The best way to bridge this gap is to make sure you don’t focus on price as a primary driver for the acquisition. Before you even begin talking about dollars and cents, you should make sure the deal makes sense. Initially you should communicate the strategic value of why an acquisition between your two companies makes sense. This is a critical step, especially when approaching owners of not-for-sale companies. Aligning your vision with the owner’s vision prior to even discussion the details of a potential deal (such as price or deal structure) is paramount.
Once you’ve achieved strategic alignment and you begin negotiations, you must think about what you can offer an owner in addition to price that will convince him or her to sell to you. Money is a strong motivator, but it’s not the only motivator. As a buyer, you must identify the nonfinancial factors in addition to price that will motivate an owner to sell. Understanding the owner’s psychology is key to building a mutually beneficial deal.

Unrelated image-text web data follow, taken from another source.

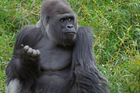 Japonky šílí z gorilího samce. Šabani je hvězdou Twitteru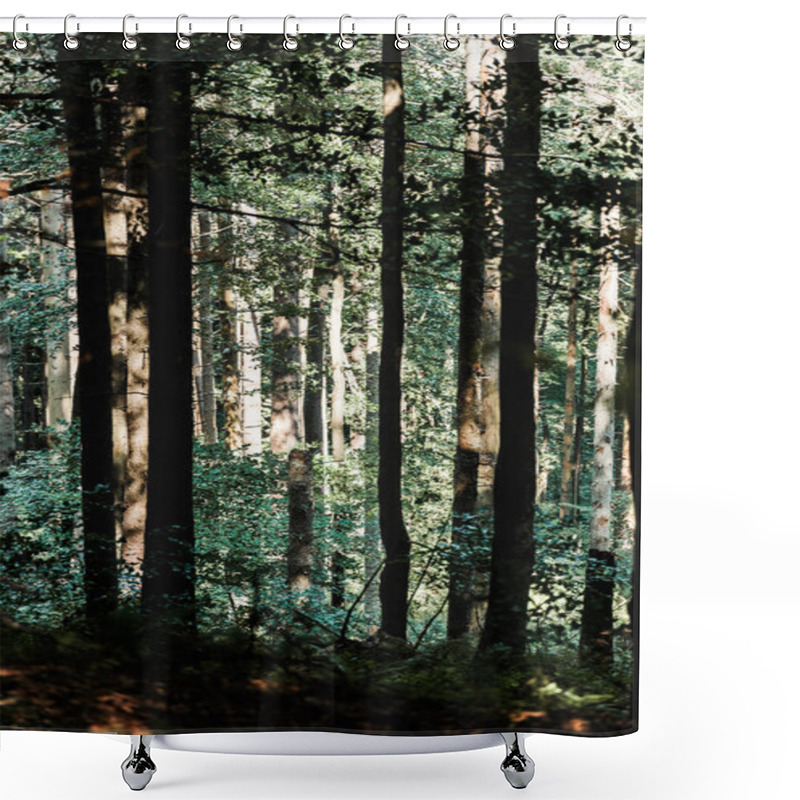 Personality  Shadows On Trees With Green Leaves In Forest  Shower Curtains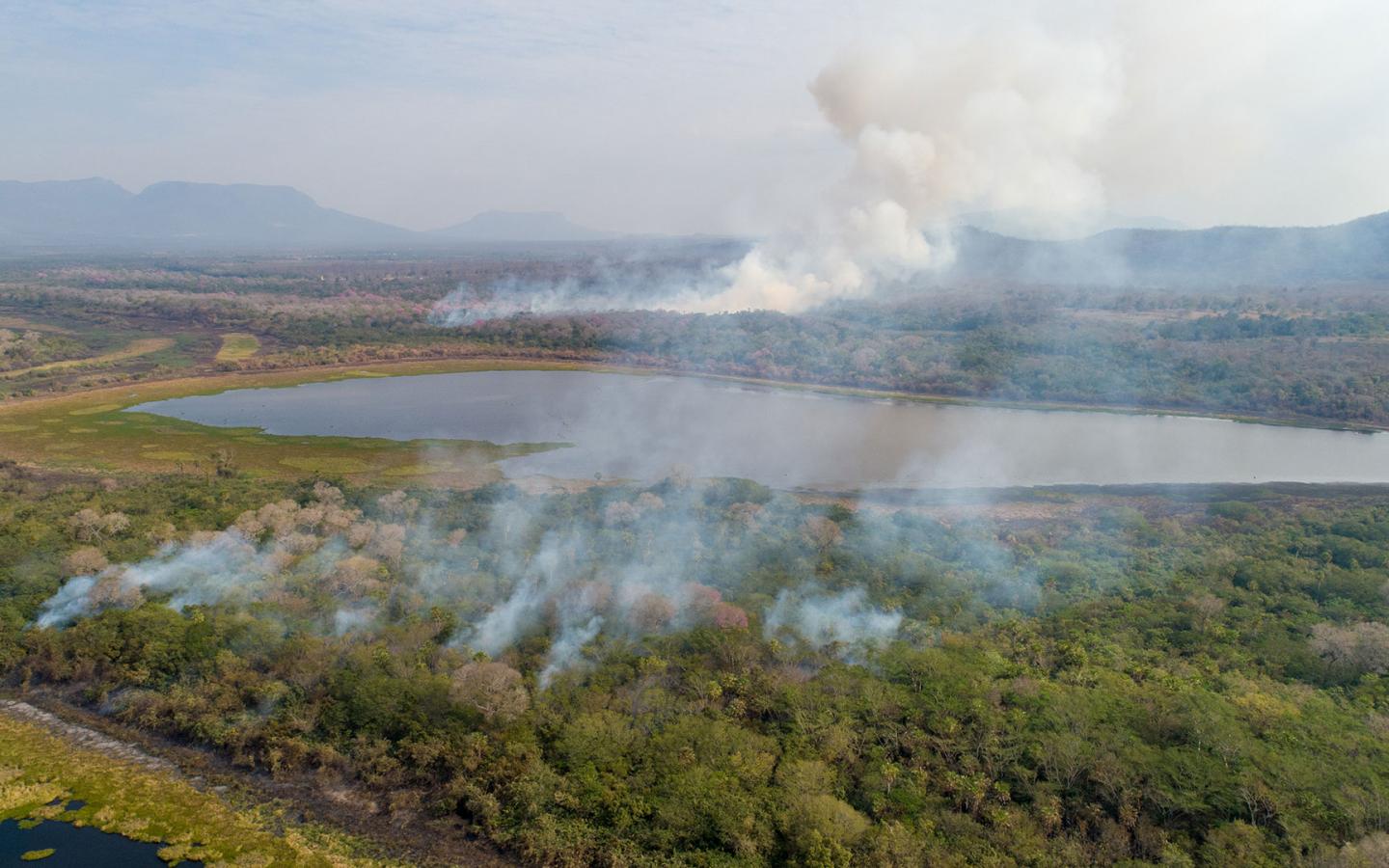 Photographie aérienne des feux au Pantanal prise le 31/07/2020 vers Ladário (Black Bay), sud du Mato Grosso, Brésil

Owners do sell their businesses for many reasons other than high price including:
- Age – They may want to retire and are burned out
- Family – They may have no heir to take over the business or their spouse may be nagging them to retire
- Insecurity and risk – Selling now while the business is performing well may mitigate their risk
- Excitement – They simply are excited to be considered for acquisition, because of the prestige or a possible financial windfall
Achieving strategic alignment before discussing price as well as identifying the issues that matter the most to the owner can help you bridge the gap between your number and theirs. When you approach owners with a complete understanding of all the different factors that are important to them – age, community, family, financial, and risk – you increase your chances of building a successful acquisition.